In the end, the police trap worked perfectly. While Duddin counted the £106,000 the “drug dealers” had paid him (they had negotiated a price of £70,000 for the Rembrandt, with £3000 to Duddin for his pains), the police swarmed in. “I had bags full of stuff,” Duddin recalls, “ivory and swords and whatever else, and then a van pulled in the drive to collect it and about ten policemen piled out. There were people on the roof of the garage, which is where me office is, there were people jumping over fences, and God knows where.”
He looks fondly at Mary. “You were back at the house, then, Mary, weren’t you?”
Mary, for once given a turn in the spotlight, gleefully fills in the picture. “I’d helped you to count the money, and I came back here and sat on the sofa, doing a crossword. And I looked out, and there were all these horrible men in the back garden, so I rushed to the front door, and there was this man there with a video camera and this horrible, scruffy, dirty woman, and she said, ‘Mrs. Duddin, you’re under arrest.’ “
Mary was released after two days. “I remember at the end,” she says, “the diamond dealer, Robert—it was Robert who told us about the Rembrandt in the first place—he turned to me and he said, ‘I thought it was too easy’ “
Cackling with laughter, Duddin and Mary signal to the waiter for another drink. For Duddin, the story had only one sad element, though admittedly it was the most important one. Duddin ended up before a judge who, for unfathomable reasons, decided to make an example of him and sentenced him to nine years in prison. (He was released after four and a half.)

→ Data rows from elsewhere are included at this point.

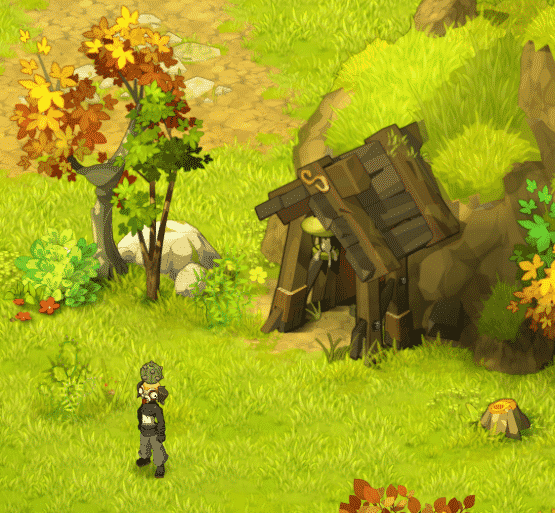 DOFUS - Toutes les mines d'Amakna 8 Amak Kartonpath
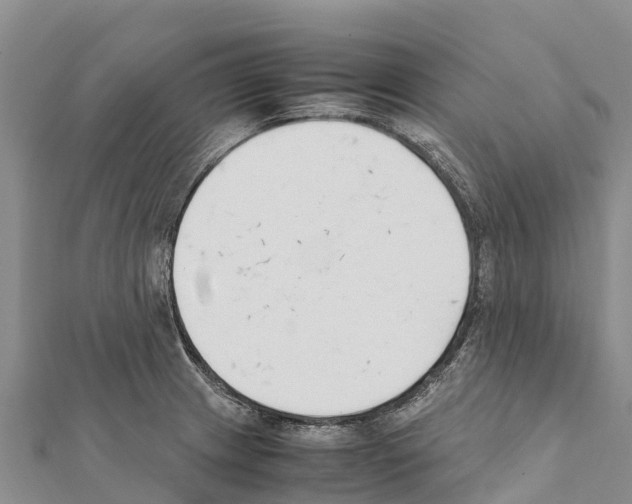X0000111391233200908211354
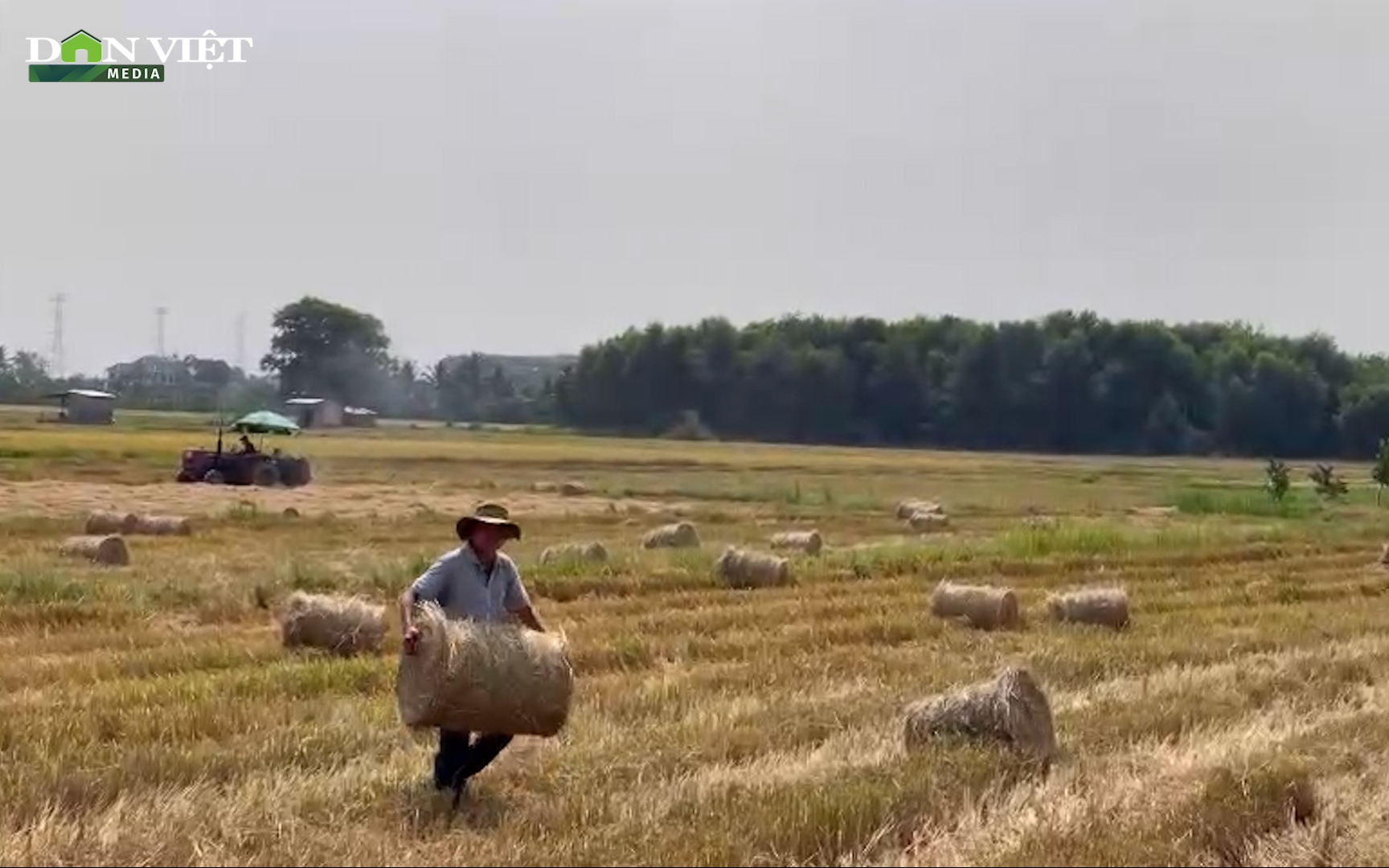 Đồng Nai: Người trồng lúa tận dụng rơm rạ bán, ủ phân, phủ cây, làm nấm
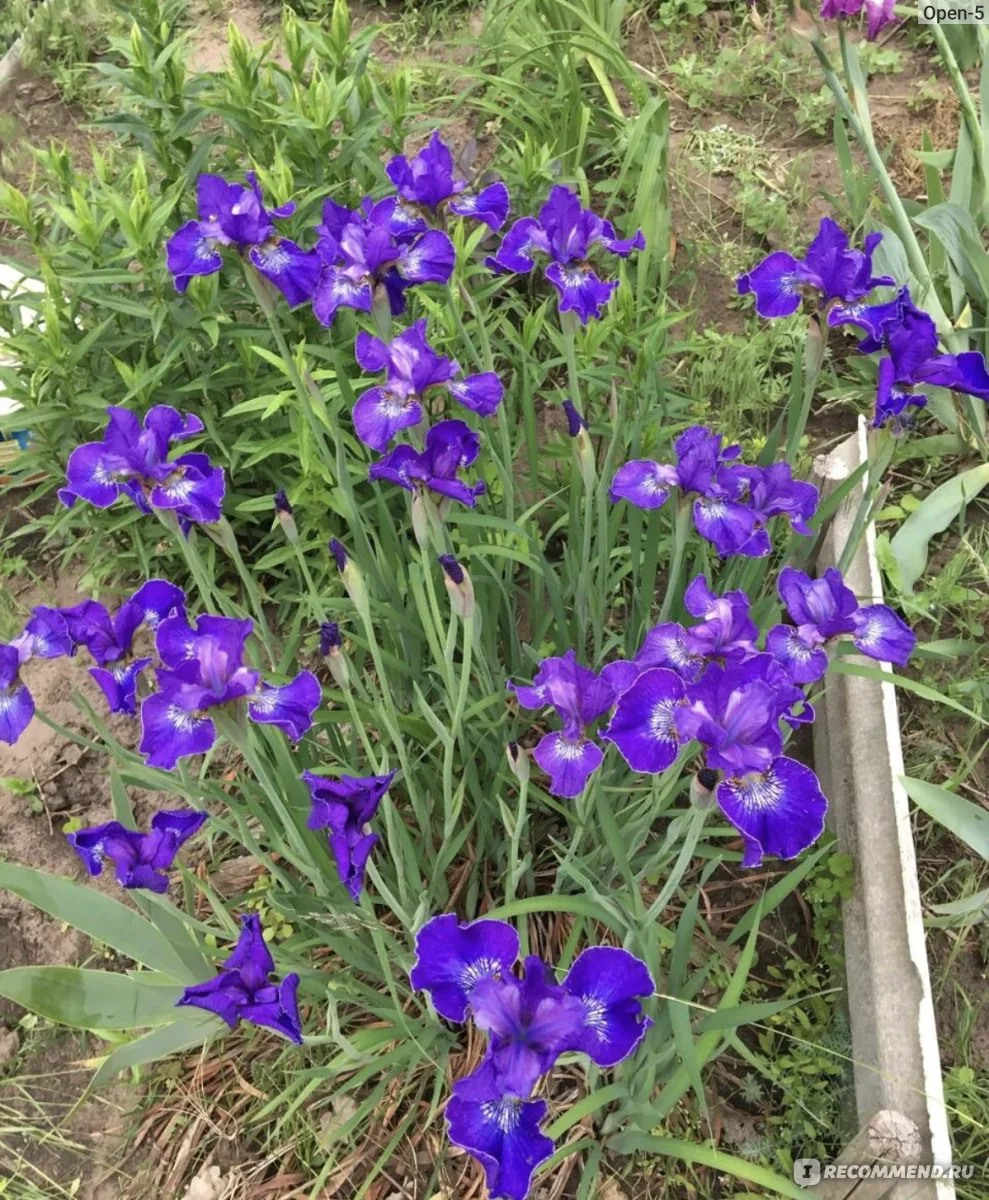 Ирис сибирский - 3 изображение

Even today, his time served, Duddin is indignant. His beef is not with the conviction but with his sentence. This is a game played with rules, and the judge violated the code out of spite.
30
Traffic Stop
MAY 6, 1994
Charley Hill had run out of patience. He had spent the early afternoon visiting galleries around Oslo with Einar-Tore Ulving, a man he had disliked from the moment they met. The point of the excursion, Hill hoped, was to kill time while Ulving’s colleague, Tor Johnsen, plotted strategy with the thieves who held The Scream. A few hours in Ulving’s company hadn’t done anything to improve Hill’s mood.
Then Ulving had wandered off, too, leaving Hill alone and more restless than ever. The phone finally rang. It was Ulving. Could they meet at Fornebu, the old airport south of the city?
Hill found Walker, and the two men briefed John Butler, in his command post, and set off for Fornebu. The two cops waited an hour, and then an hour and a half. Not a thing stirring. Afternoon gave way to evening. At last, Ulving turned up, ashen-faced and trembling. “The traffic police stopped me,” he said, “and they searched my car.”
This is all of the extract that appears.